En 1890 le port de Duclair trouve un nouveau souffle Deux grues à vapeur vont entrer en action. Inauguration...

5 septembre 1890

Sous peu de jours, vers le 15 ou le 20 septembre, la ville de Duclair va inaugurer son quai qui, pourvu maintenant d'une voie ferrée le reliant à la gare et outillé de deux grues à vapeur, va pouvoir prétendre au titre de port.

Il y avait longtemps qu'on demandait le rattachement de la gare au quai ; il aura fallu plusieurs années pour voir poser ces quelques mètres de rails. C'est fait maintenant; Les industriels des vallées de Duclair et Pavilly se sont entendus pour faire venir leurs cotons et charbons par Duclair. Ils ont constitué une société en vue d'établir sur l'appontement du quai deux grues à vapeur pour le déchargement des matières et leur transbordement sur wagons. Les deux grues sont commandées et vont être montées l'un de ces jours.
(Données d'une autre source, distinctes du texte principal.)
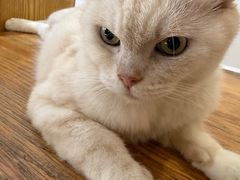 -是阿柴呀！柴犬咖啡·爱喵喵猫咖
Quand tout sera prêt, on se propose de faire une inauguration en règle. Les autorités y seront invitées. Ce jour-là, on assistera à la mise en service de l'outillage.

Le steamer Alice Depeaux, du port de Rouen, est attendu à Duclair avec un chargement de charbons ; c'est lui qui commencera la série des arrivages, en attendant les cotons.

Voilà, en tout cas, qui fera remonter un peu le mouvement maritime à Duclair où il était terriblement dégringolé en ces dernières années.

En 1880, les statistiques relevaient, pour les entrées et les sorties, un mouvement total de 21.091 tonnes. Depuis, ce chiffre n'a cessé de baisser, tombant successivement à 16.000 tonnes puis à 11.000 (en 1883), à 10.000 (en 1884), à 2.500 (en 1885), à 676 seulement en 1886. Enfin, après quelques fluctuations insignifiantes, il était arrivé à n'être plus que de 465 tonnes en 1889.


Inauguration des grues à vapeur de Duclair

Duclair, 1er octobre, 7h du soir.


Le quai en eau profonde établi sur pilotis par la ville de Duclair, et pour lequel elle paie un amortissement de 3.500F par ans, était sans emploi depuis trois ans qu'il est livré, n'étant point raccordé avec le chemin de fer. La Compagnie de l'Ouest n'avait aucun intérêt, en effet, à établir ce raccord puisque ce travail devait avoir pour résultat de lui créer une concurrence à elle-même. Les matières premières qu'elle apporte aux nombreuses et importantes usines de la vallée que suit le chemin de fer de Pavilly à Duclair, lui paient un plus long parcours du Havre, de Dieppe ou de Rouen qu'elles ne devraient lui payer de Duclair. Enfin, elle a établi ce raccord d'une façon assez mesquine, comme nous le verrons, d'après les faits, et, aujourd'hui, ce raccordement entre en service.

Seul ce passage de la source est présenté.